Davantage que dans la déclaration de 2008, les origines de l’intervention russe en Ukraine sont à trouver dans le raidissement du pouvoir russe à partir de l’élection de 2012 et dans le choix de Kiev - soutenu par la population - de signer à l’époque un accord d’association avec l’Union européenne.
L’annexion de la Crimée, à la suite d’un référendum tenu dans des conditions qui rappellent fortement le plébiscite en faveur de l’annexion du Sudetenland, et l’intervention russe au Donbass ont fait de l’Ukraine un pays en guerre.

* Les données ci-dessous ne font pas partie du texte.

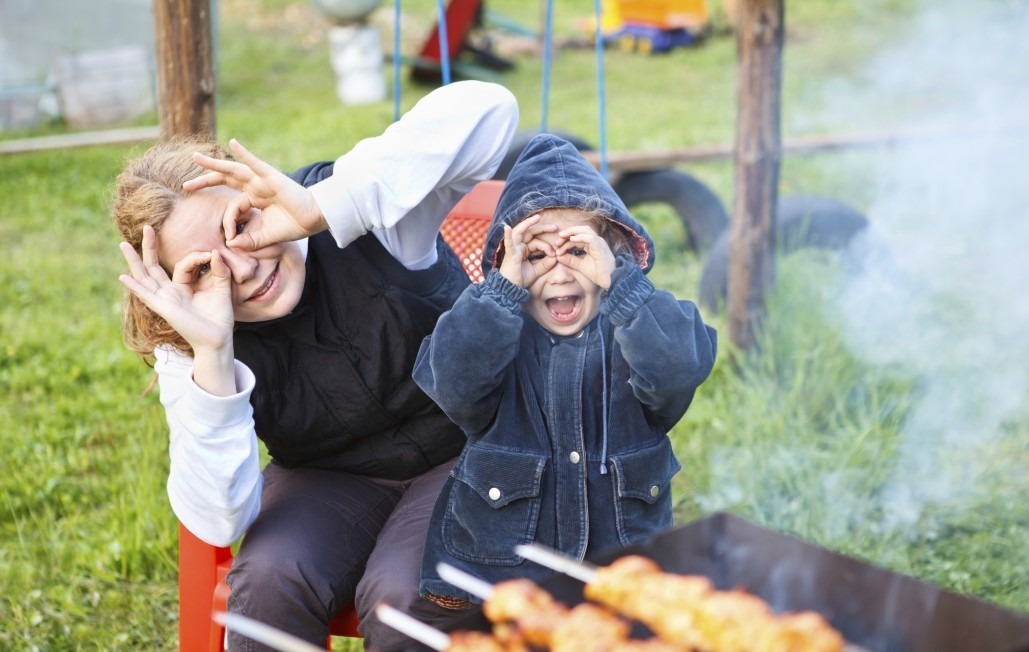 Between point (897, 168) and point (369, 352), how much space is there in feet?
15.8

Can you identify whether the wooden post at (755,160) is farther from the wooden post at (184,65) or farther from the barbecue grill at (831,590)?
the barbecue grill at (831,590)

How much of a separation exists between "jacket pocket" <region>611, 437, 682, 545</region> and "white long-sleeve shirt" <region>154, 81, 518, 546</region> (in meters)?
0.66

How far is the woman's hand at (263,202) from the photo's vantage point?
2.12 m

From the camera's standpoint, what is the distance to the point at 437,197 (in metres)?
2.36

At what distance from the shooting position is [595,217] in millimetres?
2182

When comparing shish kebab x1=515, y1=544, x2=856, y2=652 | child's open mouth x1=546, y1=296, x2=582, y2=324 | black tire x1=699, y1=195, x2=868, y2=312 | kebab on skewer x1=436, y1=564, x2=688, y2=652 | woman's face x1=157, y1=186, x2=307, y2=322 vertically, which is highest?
woman's face x1=157, y1=186, x2=307, y2=322

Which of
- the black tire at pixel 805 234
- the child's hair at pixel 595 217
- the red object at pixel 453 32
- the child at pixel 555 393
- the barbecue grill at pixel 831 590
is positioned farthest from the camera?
the red object at pixel 453 32

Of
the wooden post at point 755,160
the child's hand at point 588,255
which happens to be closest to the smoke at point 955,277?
the wooden post at point 755,160

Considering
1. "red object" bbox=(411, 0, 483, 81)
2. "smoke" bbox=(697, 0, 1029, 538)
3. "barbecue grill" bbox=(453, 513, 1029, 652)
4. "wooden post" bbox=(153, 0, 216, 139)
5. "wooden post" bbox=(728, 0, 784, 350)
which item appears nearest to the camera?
"barbecue grill" bbox=(453, 513, 1029, 652)

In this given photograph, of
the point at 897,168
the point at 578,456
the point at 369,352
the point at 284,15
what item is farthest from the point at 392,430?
the point at 284,15

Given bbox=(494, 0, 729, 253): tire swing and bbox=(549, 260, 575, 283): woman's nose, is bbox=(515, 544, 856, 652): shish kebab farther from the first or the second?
bbox=(494, 0, 729, 253): tire swing

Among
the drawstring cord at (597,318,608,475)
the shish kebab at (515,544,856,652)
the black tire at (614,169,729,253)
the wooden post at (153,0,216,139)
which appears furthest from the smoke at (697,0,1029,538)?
the wooden post at (153,0,216,139)

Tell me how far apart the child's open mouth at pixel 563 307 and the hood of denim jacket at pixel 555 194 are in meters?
0.16

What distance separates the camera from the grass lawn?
3117 millimetres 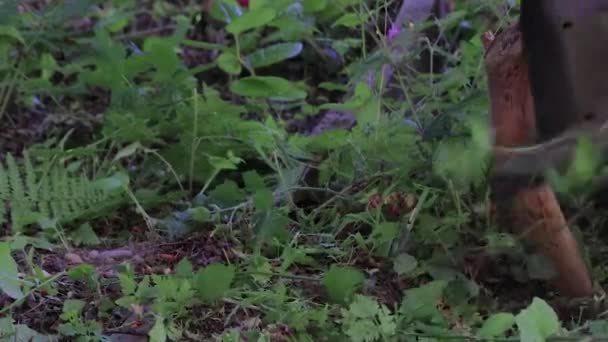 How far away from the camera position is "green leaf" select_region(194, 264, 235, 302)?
1.46 m

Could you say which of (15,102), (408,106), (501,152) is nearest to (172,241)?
(408,106)

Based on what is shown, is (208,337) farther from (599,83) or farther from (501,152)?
(599,83)

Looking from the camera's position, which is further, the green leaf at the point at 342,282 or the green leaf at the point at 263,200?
the green leaf at the point at 263,200

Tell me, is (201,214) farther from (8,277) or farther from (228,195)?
(8,277)

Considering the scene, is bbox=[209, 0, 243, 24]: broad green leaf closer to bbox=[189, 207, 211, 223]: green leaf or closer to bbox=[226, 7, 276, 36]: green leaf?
bbox=[226, 7, 276, 36]: green leaf

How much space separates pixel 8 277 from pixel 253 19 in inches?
35.4

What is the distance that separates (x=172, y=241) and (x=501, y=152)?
0.67m

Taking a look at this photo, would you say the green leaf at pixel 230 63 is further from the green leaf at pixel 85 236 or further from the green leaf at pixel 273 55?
the green leaf at pixel 85 236

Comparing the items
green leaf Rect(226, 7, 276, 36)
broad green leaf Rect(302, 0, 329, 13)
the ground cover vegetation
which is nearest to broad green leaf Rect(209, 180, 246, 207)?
the ground cover vegetation

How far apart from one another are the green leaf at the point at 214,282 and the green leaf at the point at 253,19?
2.74 ft

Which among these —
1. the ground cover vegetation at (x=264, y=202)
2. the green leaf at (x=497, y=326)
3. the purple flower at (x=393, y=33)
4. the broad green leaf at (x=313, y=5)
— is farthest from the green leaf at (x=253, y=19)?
the green leaf at (x=497, y=326)

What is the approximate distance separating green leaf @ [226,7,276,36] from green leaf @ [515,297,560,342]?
3.48ft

La Crimée est désormais "russifiée" (sur 49 paroisses relevant du patriarcat de Kiev existant en 2014, il n’en reste que cinq) et, comme les pays baltes après 1940, est sans doute perdue pour longtemps pour Kiev. Le sort du Donbass, lui, reste en jeu. La diplomatie franco-allemande a joué un rôle clé en permettant l’établissement d’une feuille de route pour le règlement du conflit (accords de Minsk-1, 2014, et Minsk-2, 2015) prévoyant un cessez-le-feu, le retrait des forces étrangères et un statut d’autonomie pour le Donbass. Pour l’heure, quelques 75.000 hommes continuent à se faire face sur un front de 450 kilomètres et le conflit a déjà fait près de 15.000 morts.
La vision révisionniste du Kremlin
La Russie ira-t-elle plus loin ? Non content de soutenir les séparatistes du Donbass, le Kremlin évoque avec nostalgie la "Nouvelle Russie" (région de la Mer noire). Tout indique que trente ans après l’indépendance de l’Ukraine, Moscou n’a pas digéré la séparation. Exceptionnellement long pour une publication présidentielle, l’important texte "Sur l’unité historique des Russes et des Ukrainiens", que M. Poutine a signé de sa plume à l’été 2021, développe sa vision. Argumenté, le propos n’en est pas moins révisionniste à un triple égard.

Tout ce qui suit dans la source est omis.